The master said, ”But what about those other things we were going to discuss afterwards?”

Shvetketu laughed. He said, ”Forget all about it! Living with cows, slowly slowly… there was no other excitement, entertainment. Waiting under trees, sitting under trees doing nothing, slowly slowly a silence started happening on its own accord. I was not meditating, but meditation was happening to me. And a moment came when all my thoughts disappeared, all my feelings disappeared –just a pure is-ness remained.

“I could not even say, ‘I am,’ because there was no I. Then I knew that the whole grammar was wrong. ‘I’ does not exist. All that I can express is that I felt and experienced a certain am-ness; not `I am,’ but am-ness, a deep existential experience. Now I know what my father wanted me to know, and there is nothing to discuss.”

The master said, “I knew it. If you had come and started asking the same question again, that would mean the device had failed. With my blessings you can go to your father.”

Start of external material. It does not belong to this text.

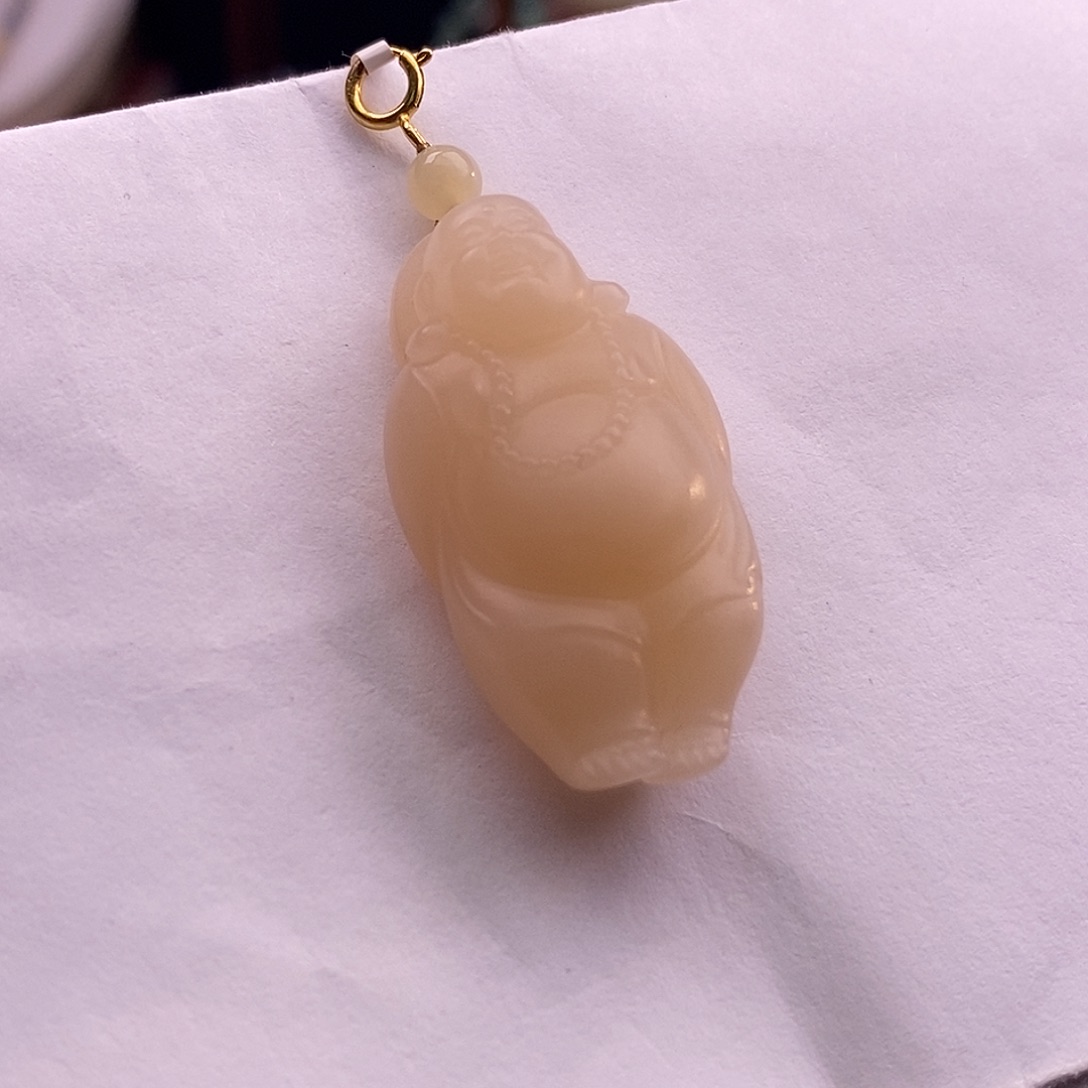 颈饰未镶嵌和田玉毕业级老坑料浓红粉18.k逍遥佛吊坠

He came back home. The father was really very old; he was waiting for the son. He could see again from the window, and this is what he was expecting – Shvetketu, so humble, so simple; no scriptures, just coming like a cool breeze.

He came into the house. You could expect that he would have declared, ”Now I have fulfilled your desire.” No, he simply touched his father’s feet, kissed his father’s feet, tears flowing from his eyes.

The father said, ”So, it has happened. Now I can die peacefully. I have fulfilled my duty; I am not leaving behind me an ignorant man full of rubbish knowledge. I am leaving behind me a pure space, a being, alert, aware, knowing himself –which is the greatest knowing in the world.”

Science should open the doors of devices which religions have been keeping closed.

There is a vast universe outside you –infinite. You can go on and on exploring it, there is no end. But there is a bigger universe within you, and so close –just within you! And you can go on exploring it. You will come to know who you are, but that is not the end: that experience goes on deepening infinitely.

A man can be both, and that will be the total man. I have defined the new man in many ways, from different angles.

Let this also be included in the definition of the new man: he will be complete, entire, acquainted with the outside world, acquainted with the inside world.

To drop into being means to recognize your interconnectedness with all life, and with being itself. Your very nature is being part of larger and larger spheres of wholeness.